Review: The Sacred Flame (Theatre Royal, Brighton, until Saturday November 3)

Dusting down plays by well-known writers which have been rarely performed in recent times is becoming a popular theatrical pastime these days. Sometimes there is the discovery of a creaky old relic - other times a strangely neglected treasure is uncovered.

Following in the wake of such notables as Rattigan, Coward and Pinero, the English Touring Theatre has decided to revisit Somerset Maugham’s The Sacred Flame, written 84 years ago and pretty much ignored since its last big revival in 1966.

In one sense, it’s difficult to see why it hasn’t been performed more often: the themes of sexuality, morality, love, and the right to die are both timeless and hugely contemporary. In this production the characters in their distinctly 1920s clothes and speech play against a modern set of plastic chairs, steel columns and glass walls - which works rather well.

Director Matthew Dunster’s attempt to “blow away the cobwebs” doesn’t entirely work because the play itself (which becomes a whodunit -style thriller as a family tries to discover how a war hero crippled in a plane crash six years before has died at home in suspicious circumstances) is often awkward and at times looks like a limp try-out for a J.B.Priestley play.

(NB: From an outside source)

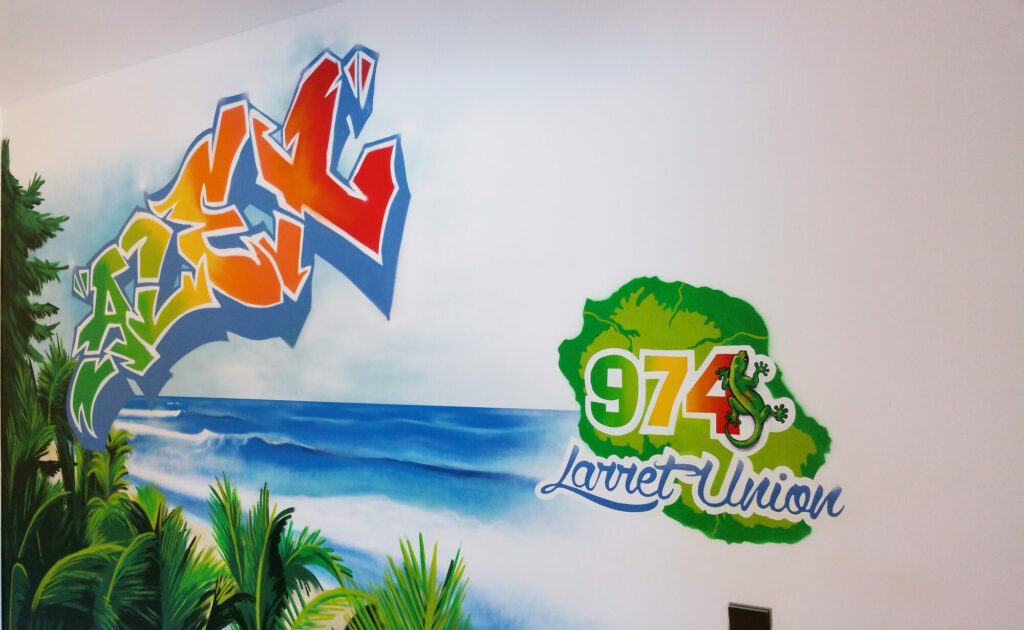 Graff mural océan, prénom et thème La Réunion – chambre d’enfant, Villenave-de-Rions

The characters themselves veer between the stilted and the mundane, rarely coming close to engaging any sort of sympathy or attention. Good for Jamie De Courcey, then, who has just one brief act to put across the intensity, mental stress and humour of the unfortunate pilot, before being required to remain visible on stage and play dead.

Unsurprisingly for Maugham it is the play’s female characters who are the most interesting and who have hidden strengths and depth. Sarah Churm plays the nurse who cares for her patient with professional skill and a devotion born of secret love with courage and passion, though it is weakened by Maugham’s apparent loss of interest in her character as the play draws to its conclusion. However, she is passionate and tough as she points an accusing finger calling into question the doctor’s verdict on the death.

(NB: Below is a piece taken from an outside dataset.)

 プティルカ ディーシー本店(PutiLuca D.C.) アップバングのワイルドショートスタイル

Beatriz Romilly is the pretty young wife torn between loyalty to her bed-ridden husband and a desire for physical intimacy which he is unable to give, but it is Margot Leicester as, Mrs Tabret, a formidable matriarch with disarming wisdom, who is the most watchable throughout and provides the moral compass.

The ultimate assessment must be that the play was worth dusting down for a look - but it should probably go back on the shelf at the end of the run.